‘Les Cowboys’ Review: French ‘Searchers’ Goes in Too Many Directions

A Westerns-loving French dad looks for his possibly radicalized teenage daughter in this country-hopping but overstuffed dramatic thriller

Les Cowboys feat

The French dramatic thriller “Les Cowboys” has a scope and ambition as wide as the open range, but it’s a bumpy journey following a modern-day father’s pained quest to find his missing teenage daughter. Screenwriter Thomas Bidegain, making his feature directorial debut after collaborating on noteworthy screenplays with Jacques Audiard (“A Prophet,” “Dheepan”), is in territory reminiscent of Audiard’s brand of tough emotionalism.

The twisty story calls up John Ford’s “The Searchers” and Paul Schrader‘s “Hardcore,” and touches on the War on Terror while remaining distinctively European in its aesthetics and tone. That’s a hefty set of ingredients to make work, and though Bidegain’s effort has its moments, it never gels into a cohesive, intimate-yet-expansive whole.

Somewhere in a French valley, fans of American-style country music gather for a festival, complete with U.S. flags, live music and line dancing. It’s 1994 as “Les Cowboys” opens on this enthusiastic subculture, which sees Stetson-wearing dad Alain (François Damiens, “The Brand New Testament”) merrily warble “Tennessee Waltz” for a crowd that includes his wife Nicole (Agathe Dronne), son Kid (Maxim Driesen), and 16-year-old daughter Kelly (Iliana Zabeth). When Alain coaxes Kelly to slow dance, the tenderness makes them both smile.

Then suddenly, hours later, she’s nowhere to be found, and a father’s smile turns — and sets — into an obsessive’s narrow-eyed glare as it becomes clearer that Kelly has run off with a secret Muslim boyfriend named Ahmed who may have radicalized her.
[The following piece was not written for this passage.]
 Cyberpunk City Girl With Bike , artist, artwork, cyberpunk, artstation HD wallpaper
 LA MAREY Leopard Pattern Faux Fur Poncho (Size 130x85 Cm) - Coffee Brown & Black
A brutally effective scene encapsulates Alain’s doomed bullheadedness: Acting on a tip in a nearby town, he finds a little girl in a hidden Muslim trailer enclave wearing the red neckerchief Kelly was last seen wearing and starts yelling at her, only to be chased off by the encampment’s men. Naturally, they’re all gone when he returns with the authorities. Bidegain cuts to Alain’s clenched fist on the bandana, a shot that suggests this may be as close as this steely but self-destructive father ever gets to finding his missing child.

Les-Cowboys_vertBut Bidegain has more to show and tell as the years pass — with each slow fade-out comes a jump forward in time — and this ever-consumed dad ropes the now-grown Kid (Finnegan Oldfield, “Bang Gang”) into the hunt, which spills over into other countries. When 9/11 happens, the movie shifts entirely to Kid, who becomes an aid worker in Pakistan, mostly to deepen the search for Kelly. He crosses paths with a mysterious American from the private sector (a commanding, tersely cynical John C. Reilly), and eventually a widowed Muslim woman (Ellora Torchia), whose plight softens the resolve instilled in him from his father.
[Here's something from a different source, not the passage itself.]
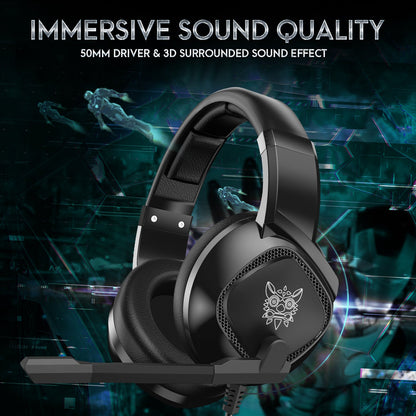 RGB Gaming Headset with Noise Cancelling Mic - Xbox One, PS4, PC Compatible Headphones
“Les Cowboys” is not only split in halves, it also frequently feels like two films smashed together: a chase narrative, and a meditation on how the gap between looking for and finding can become a soul rot. This was also, of course, the hybrid that was “The Searchers,” but Ford was more skillful at merging pulpy narrative and the poisoning vibe emanating from John Wayne‘s racist avenger.

When Bidegain zeroes in on his driven dad, there’s a psychological clarity to “Les Cowboys”: It’s a simple portrait, but it packs an ironic punch. That has a lot to do with Damiens, an actor mostly known for comedy in France. Here, however, he easily embodies a gale force of a man whose love of the western lifestyle gives him a sense of community, but whose corrupting single-mindedness, stoked by xenophobia, threatens the unity of those closest to him.

There’s also power in the visuals, courtesy of cinematographer Arnaud Potier (“5 to 7”), who does a fine job with widescreen images of constriction and independence, whether in confined spaces or surrounded by western or eastern mountains. But as Bidegain’s yarn spins out from a family psychodrama in rural France to a Middle East adventure — complete with a gun showdown and a jail rescue — “Les Cowboys” starts to feel more unwieldy than illuminative.

Plot strands that set up the ruminative final act feel stretched beyond the point of credibility and reasonable motivation, leaving Kid as more of a narrative game piece than a fully formed character. His sense of loss — set up as more nuanced — should build upon the blunt force damage of his father’s. But the story’s forced contortions take center stage in order to maintain tension, although a few well-turned scenes at the end do their best to right the ship.

As uneven as it is, “Les Cowboys” nevertheless shows promise for Bidegain as a filmmaker with complexities on his mind and big territories to explore.